Always read metadata files as UTF-8 in setup.py by EliahKagan · Pull Request #1748 · gitpython-developers/GitPython (original) (raw)
Fixes #1747
This passes encoding="utf-8"
to the open
calls in setup.py
, so the readme, version, and requirements files are always read as UTF-8, even on systems whose locale is not UTF-8. This fixes the bug described in #1747 where installation other than from a pre-built wheel would fail on many Windows systems using non-European languages.
The specific problem occurred with the README.md
file. The requirements files are less likely to contain characters not in the ASCII subset, though maybe they could come to contain them, perhaps in comments. The VERSION
file is even less likely to ever contain such characters. Nonetheless, for consistency, because it is a best practice, and because it appears to be the intent of the existing code, encoding="utf=8"
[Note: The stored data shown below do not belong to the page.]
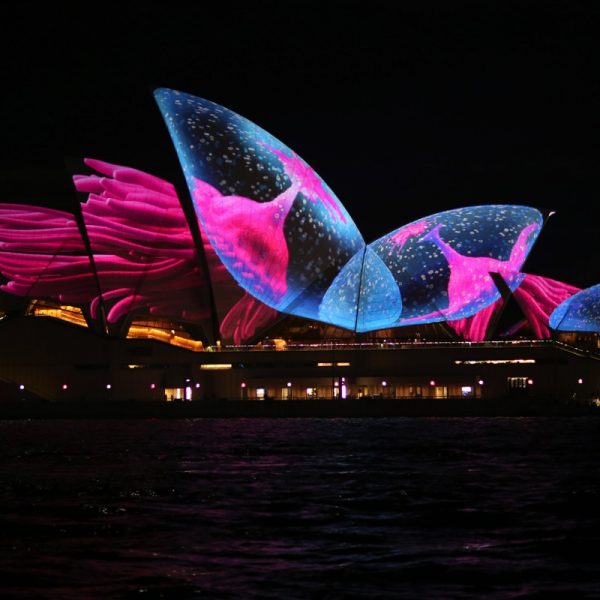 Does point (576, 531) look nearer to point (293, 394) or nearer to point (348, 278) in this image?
point (348, 278)

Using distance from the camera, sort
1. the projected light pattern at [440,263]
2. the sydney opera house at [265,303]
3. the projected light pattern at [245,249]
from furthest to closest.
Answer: the projected light pattern at [440,263], the sydney opera house at [265,303], the projected light pattern at [245,249]

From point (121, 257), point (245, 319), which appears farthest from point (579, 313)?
point (121, 257)

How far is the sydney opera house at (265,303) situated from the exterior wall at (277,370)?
0.28ft

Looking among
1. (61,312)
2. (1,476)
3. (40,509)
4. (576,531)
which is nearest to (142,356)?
(61,312)

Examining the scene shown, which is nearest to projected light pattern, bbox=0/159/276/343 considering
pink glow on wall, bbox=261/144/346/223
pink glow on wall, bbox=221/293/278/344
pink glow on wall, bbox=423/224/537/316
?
pink glow on wall, bbox=221/293/278/344

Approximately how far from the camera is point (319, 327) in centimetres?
6919

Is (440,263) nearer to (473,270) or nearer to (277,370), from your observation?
(473,270)

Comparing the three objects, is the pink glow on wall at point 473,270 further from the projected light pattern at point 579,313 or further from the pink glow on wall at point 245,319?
the pink glow on wall at point 245,319

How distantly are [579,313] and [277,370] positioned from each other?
19.0m

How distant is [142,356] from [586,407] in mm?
25541

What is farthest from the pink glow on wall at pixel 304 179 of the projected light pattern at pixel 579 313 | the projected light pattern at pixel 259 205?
the projected light pattern at pixel 579 313

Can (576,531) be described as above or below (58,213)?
below

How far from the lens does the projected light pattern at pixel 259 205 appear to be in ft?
187

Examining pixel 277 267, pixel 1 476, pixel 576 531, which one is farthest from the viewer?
pixel 277 267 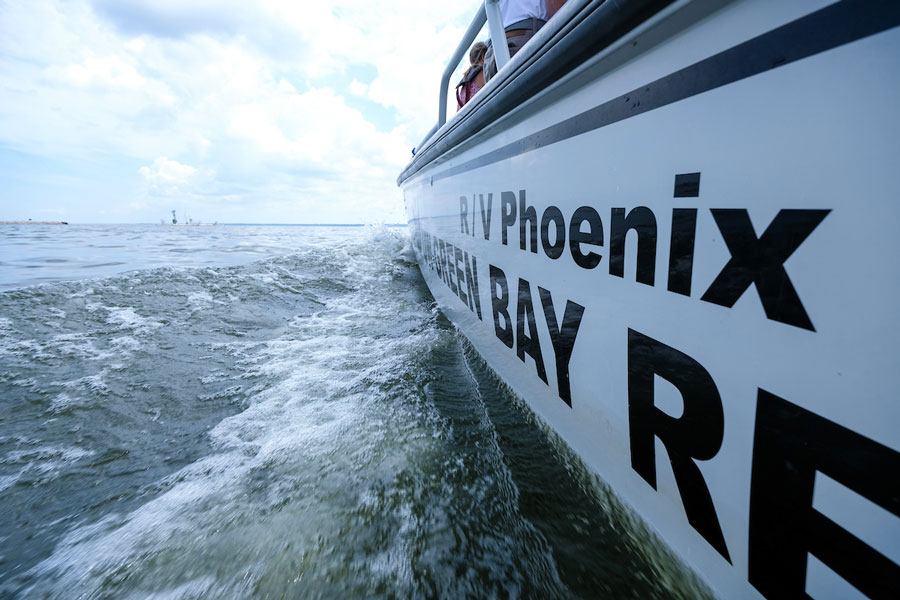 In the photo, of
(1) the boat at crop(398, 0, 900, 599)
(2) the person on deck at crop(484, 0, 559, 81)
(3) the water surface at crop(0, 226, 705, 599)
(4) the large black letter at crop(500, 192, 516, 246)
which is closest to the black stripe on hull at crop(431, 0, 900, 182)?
(1) the boat at crop(398, 0, 900, 599)

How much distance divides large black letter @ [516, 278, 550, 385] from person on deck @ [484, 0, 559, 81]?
1195mm

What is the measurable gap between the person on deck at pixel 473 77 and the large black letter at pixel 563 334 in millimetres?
1604

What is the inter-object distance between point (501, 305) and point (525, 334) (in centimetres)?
27

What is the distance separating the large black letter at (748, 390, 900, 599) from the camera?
50 cm

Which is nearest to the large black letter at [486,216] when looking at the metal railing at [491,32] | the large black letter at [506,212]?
the large black letter at [506,212]

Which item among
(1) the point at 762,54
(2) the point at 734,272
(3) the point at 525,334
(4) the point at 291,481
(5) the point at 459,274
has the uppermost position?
(1) the point at 762,54

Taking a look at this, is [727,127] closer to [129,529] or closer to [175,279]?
[129,529]

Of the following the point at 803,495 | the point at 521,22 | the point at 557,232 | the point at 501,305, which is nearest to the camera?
the point at 803,495

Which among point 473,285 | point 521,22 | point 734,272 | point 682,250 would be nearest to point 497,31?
point 521,22

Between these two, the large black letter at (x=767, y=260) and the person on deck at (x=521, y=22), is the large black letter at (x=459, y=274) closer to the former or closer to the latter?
the person on deck at (x=521, y=22)

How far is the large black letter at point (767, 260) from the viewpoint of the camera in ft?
1.84

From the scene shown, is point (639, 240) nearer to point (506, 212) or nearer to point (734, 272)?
point (734, 272)

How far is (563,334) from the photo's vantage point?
1.20m

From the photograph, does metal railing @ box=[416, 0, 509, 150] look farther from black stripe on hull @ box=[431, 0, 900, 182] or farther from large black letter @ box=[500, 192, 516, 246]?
black stripe on hull @ box=[431, 0, 900, 182] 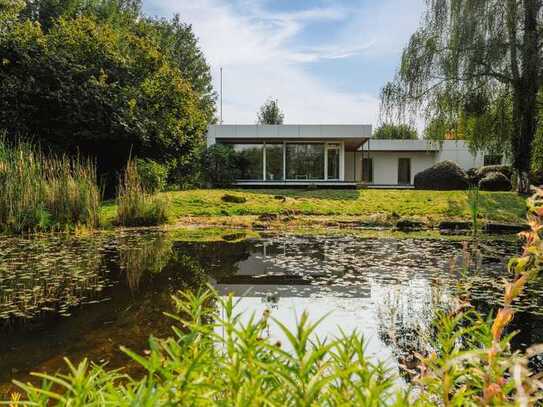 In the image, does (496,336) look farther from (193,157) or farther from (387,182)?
(387,182)

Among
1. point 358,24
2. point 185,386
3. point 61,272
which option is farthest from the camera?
point 358,24

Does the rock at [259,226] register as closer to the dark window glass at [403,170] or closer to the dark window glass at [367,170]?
the dark window glass at [367,170]

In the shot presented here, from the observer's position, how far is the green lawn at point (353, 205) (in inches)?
498

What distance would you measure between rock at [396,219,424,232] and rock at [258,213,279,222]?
3196mm

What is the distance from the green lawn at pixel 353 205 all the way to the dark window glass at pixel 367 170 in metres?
12.9

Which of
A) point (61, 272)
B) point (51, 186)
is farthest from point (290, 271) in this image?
point (51, 186)

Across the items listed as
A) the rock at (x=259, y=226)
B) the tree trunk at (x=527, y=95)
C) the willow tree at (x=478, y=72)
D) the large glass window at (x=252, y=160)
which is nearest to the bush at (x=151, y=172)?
the large glass window at (x=252, y=160)

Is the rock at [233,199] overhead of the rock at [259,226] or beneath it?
overhead

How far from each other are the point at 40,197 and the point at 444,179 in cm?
1682

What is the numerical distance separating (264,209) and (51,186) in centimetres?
594

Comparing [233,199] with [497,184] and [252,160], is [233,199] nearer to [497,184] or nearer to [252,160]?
[252,160]

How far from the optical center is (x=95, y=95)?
1430cm

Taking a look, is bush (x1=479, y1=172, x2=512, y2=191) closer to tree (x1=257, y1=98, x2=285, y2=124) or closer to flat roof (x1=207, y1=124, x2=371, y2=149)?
flat roof (x1=207, y1=124, x2=371, y2=149)

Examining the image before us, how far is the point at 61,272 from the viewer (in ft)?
17.3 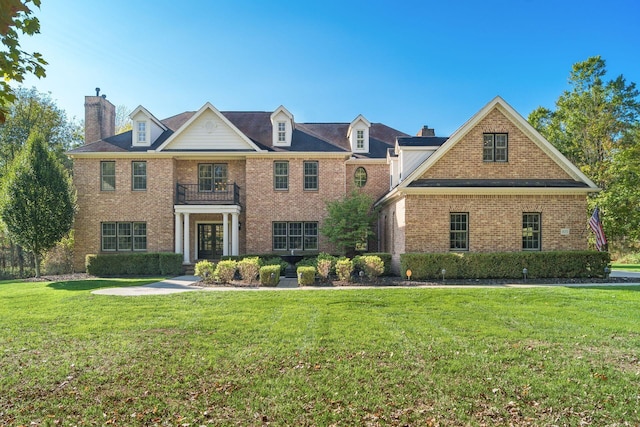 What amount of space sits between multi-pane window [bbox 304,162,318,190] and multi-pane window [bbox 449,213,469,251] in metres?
7.96

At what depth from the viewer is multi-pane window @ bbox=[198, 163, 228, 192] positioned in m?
22.1

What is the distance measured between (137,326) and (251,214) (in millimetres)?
13807

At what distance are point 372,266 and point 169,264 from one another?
991 centimetres

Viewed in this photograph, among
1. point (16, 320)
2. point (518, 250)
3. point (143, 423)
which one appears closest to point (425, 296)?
point (518, 250)

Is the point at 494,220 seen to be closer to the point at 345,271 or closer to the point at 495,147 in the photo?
the point at 495,147

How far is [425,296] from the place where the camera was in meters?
11.1

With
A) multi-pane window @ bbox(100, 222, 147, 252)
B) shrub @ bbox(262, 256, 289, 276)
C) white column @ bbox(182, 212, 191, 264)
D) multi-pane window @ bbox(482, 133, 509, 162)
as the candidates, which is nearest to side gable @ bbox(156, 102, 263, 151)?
white column @ bbox(182, 212, 191, 264)

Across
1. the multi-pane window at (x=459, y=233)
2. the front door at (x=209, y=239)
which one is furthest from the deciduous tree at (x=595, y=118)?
the front door at (x=209, y=239)

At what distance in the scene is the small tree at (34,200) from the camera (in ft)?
60.0

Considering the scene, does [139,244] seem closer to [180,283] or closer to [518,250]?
[180,283]

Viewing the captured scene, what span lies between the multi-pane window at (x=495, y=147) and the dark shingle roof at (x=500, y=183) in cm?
100

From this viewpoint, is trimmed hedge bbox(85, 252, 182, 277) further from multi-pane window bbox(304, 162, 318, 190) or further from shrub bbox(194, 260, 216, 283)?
multi-pane window bbox(304, 162, 318, 190)

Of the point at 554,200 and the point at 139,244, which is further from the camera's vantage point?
the point at 139,244

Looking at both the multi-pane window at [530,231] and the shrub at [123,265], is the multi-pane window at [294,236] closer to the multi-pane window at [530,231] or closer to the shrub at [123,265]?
the shrub at [123,265] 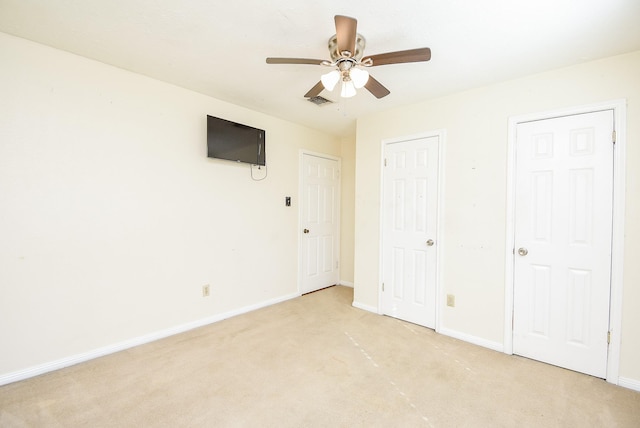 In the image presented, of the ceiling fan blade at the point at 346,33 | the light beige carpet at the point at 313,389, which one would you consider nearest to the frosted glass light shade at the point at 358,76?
the ceiling fan blade at the point at 346,33

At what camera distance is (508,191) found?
2.46 metres

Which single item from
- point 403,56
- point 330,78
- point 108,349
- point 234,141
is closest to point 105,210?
point 108,349

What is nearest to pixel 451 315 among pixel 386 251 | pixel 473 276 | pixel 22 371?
pixel 473 276

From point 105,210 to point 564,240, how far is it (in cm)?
374

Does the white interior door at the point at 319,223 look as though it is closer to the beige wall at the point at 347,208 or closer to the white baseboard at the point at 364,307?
the beige wall at the point at 347,208

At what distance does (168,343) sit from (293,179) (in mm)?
2306

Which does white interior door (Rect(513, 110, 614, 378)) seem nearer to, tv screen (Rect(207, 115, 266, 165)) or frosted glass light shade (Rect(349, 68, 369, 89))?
frosted glass light shade (Rect(349, 68, 369, 89))

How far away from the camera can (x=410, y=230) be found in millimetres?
3068

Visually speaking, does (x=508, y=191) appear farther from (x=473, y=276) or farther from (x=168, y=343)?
(x=168, y=343)

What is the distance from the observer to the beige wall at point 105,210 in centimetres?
197

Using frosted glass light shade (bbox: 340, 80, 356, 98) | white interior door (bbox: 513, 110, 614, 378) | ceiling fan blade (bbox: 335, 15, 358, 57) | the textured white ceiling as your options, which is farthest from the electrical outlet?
ceiling fan blade (bbox: 335, 15, 358, 57)

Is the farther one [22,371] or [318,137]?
[318,137]

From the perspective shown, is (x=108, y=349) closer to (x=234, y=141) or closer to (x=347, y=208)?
(x=234, y=141)

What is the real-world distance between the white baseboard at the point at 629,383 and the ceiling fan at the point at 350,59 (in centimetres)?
262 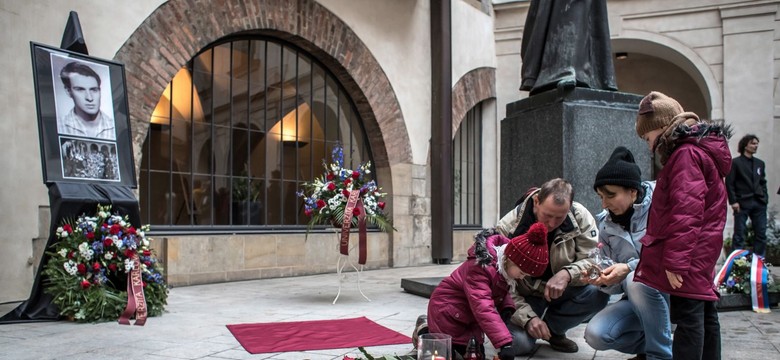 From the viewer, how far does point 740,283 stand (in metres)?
6.48

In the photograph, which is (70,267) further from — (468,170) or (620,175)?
(468,170)

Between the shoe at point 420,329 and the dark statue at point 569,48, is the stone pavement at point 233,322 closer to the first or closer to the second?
the shoe at point 420,329

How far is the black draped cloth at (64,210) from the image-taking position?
5.89 meters

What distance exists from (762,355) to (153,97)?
6767mm

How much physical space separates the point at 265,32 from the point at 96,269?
16.3 ft

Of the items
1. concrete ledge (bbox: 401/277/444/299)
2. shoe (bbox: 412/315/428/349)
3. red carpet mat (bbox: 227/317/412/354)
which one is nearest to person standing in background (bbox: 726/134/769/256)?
concrete ledge (bbox: 401/277/444/299)

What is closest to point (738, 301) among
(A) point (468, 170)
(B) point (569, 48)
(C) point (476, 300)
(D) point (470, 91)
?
(B) point (569, 48)

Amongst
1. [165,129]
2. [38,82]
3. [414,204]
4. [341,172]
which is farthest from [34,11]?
[414,204]

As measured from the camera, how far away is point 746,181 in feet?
30.2

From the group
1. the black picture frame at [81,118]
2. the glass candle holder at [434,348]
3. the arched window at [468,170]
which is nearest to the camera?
the glass candle holder at [434,348]

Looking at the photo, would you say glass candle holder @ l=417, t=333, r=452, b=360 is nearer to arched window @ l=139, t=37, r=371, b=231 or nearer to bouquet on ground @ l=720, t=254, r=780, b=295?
bouquet on ground @ l=720, t=254, r=780, b=295

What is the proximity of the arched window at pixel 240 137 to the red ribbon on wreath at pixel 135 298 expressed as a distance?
8.53 ft

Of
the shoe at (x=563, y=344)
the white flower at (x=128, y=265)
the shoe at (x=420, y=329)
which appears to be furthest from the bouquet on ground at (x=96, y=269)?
the shoe at (x=563, y=344)

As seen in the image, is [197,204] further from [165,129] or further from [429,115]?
[429,115] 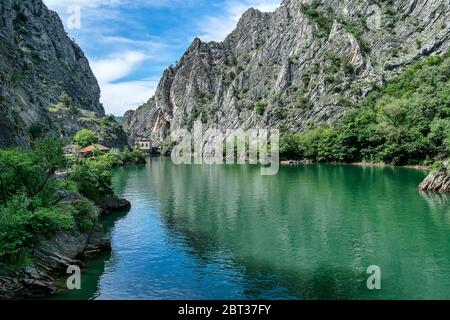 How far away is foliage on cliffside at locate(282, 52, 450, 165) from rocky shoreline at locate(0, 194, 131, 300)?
80.9 m

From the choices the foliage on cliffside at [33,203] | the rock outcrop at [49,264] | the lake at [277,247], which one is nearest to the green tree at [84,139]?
the lake at [277,247]

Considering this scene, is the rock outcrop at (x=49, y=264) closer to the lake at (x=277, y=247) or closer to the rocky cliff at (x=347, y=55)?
the lake at (x=277, y=247)

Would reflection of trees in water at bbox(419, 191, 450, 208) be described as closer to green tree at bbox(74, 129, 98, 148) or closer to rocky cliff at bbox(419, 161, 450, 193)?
rocky cliff at bbox(419, 161, 450, 193)

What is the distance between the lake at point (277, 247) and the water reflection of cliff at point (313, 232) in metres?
0.10

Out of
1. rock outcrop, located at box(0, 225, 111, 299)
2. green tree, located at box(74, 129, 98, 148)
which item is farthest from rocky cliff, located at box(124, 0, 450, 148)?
rock outcrop, located at box(0, 225, 111, 299)

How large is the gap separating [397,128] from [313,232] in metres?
83.6

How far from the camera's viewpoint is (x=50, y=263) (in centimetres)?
2961

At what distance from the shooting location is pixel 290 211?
5362 centimetres

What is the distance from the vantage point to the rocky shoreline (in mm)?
25812

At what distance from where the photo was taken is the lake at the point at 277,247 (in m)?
27.8

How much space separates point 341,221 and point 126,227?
23454mm

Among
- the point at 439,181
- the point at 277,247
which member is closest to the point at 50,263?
the point at 277,247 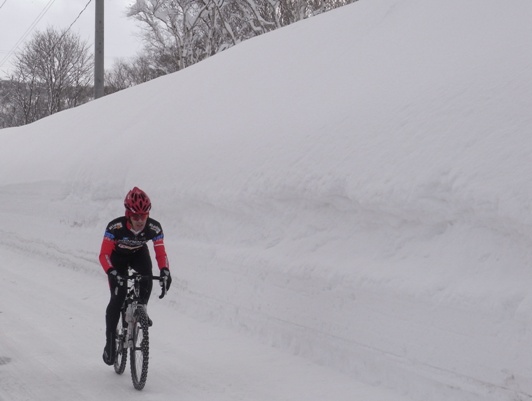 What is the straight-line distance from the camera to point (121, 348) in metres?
6.68

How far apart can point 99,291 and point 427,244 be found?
21.9ft

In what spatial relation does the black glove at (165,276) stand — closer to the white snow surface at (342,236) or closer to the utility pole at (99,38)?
the white snow surface at (342,236)

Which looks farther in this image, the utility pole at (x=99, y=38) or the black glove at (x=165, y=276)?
the utility pole at (x=99, y=38)

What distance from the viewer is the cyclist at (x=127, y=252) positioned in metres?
6.37

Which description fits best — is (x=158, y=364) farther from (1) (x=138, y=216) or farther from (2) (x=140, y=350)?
(1) (x=138, y=216)

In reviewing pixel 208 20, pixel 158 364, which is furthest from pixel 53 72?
pixel 158 364

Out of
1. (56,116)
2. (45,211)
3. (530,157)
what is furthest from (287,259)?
(56,116)

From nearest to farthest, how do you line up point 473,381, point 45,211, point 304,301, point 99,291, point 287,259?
point 473,381, point 304,301, point 287,259, point 99,291, point 45,211

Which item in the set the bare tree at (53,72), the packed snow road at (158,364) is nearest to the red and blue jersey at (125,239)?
the packed snow road at (158,364)

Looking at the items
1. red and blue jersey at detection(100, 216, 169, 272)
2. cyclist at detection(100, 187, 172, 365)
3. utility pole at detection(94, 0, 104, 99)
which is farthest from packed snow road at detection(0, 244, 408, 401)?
utility pole at detection(94, 0, 104, 99)

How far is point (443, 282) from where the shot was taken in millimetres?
5957

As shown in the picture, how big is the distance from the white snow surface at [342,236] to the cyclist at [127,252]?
640mm

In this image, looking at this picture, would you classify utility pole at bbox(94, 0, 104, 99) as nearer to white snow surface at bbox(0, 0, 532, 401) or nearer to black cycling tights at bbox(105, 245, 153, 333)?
white snow surface at bbox(0, 0, 532, 401)

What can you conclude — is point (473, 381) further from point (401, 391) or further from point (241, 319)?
point (241, 319) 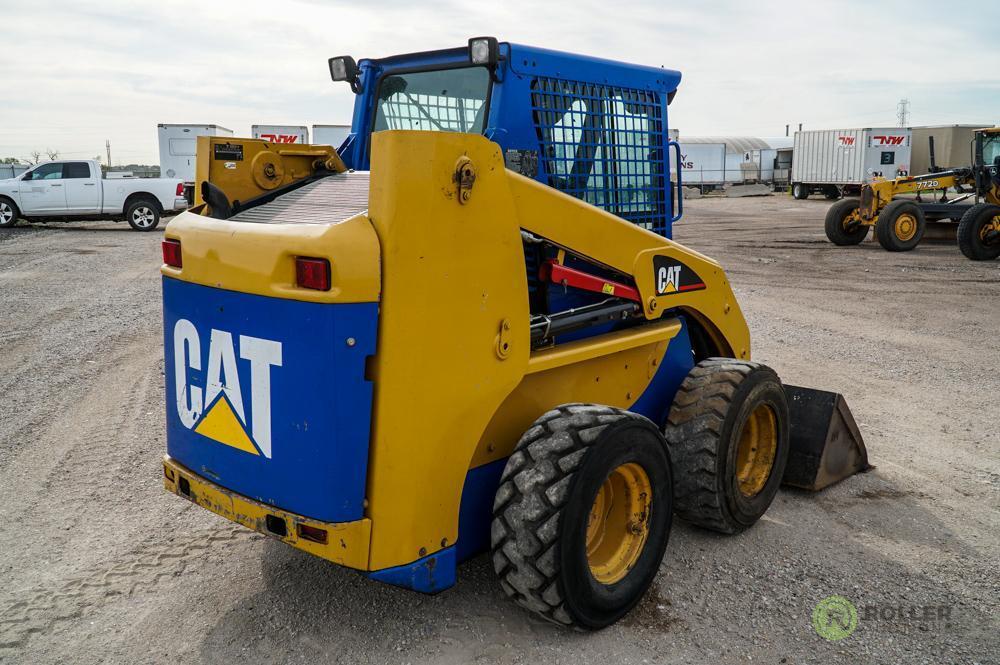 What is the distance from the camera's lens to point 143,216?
2073cm

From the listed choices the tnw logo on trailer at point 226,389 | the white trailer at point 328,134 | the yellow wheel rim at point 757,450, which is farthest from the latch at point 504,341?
the white trailer at point 328,134

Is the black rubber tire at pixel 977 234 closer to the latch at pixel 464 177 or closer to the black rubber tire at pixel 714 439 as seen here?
the black rubber tire at pixel 714 439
is added for opening all of them.
This change is tested on a system whose locale uses Windows code page 936. Editable installation, as well as the other affected ways of installing (and building) described in #1747, are now working. (Installing from a pre-built wheel was never affected.)
I lean toward the position that it's not worth attempting a regression test for this, because although we do have test_installation
, a truly reliable regression test for #1747 would require the presence of a locale in which the existing logic breaks, but in practice the systems where this happens are Windows, where a single locale (in the sense of "locale" relevant here) is systemwide. Furthermore, the fix is straightforward, following the current best practice of passing encoding="utf-8"
explicitly where there is not reason to do otherwise. However, there may be a way to add a reasonably reliable test using mocking or other techniques, and I'd be pleased to pursue that if you consider it warranted.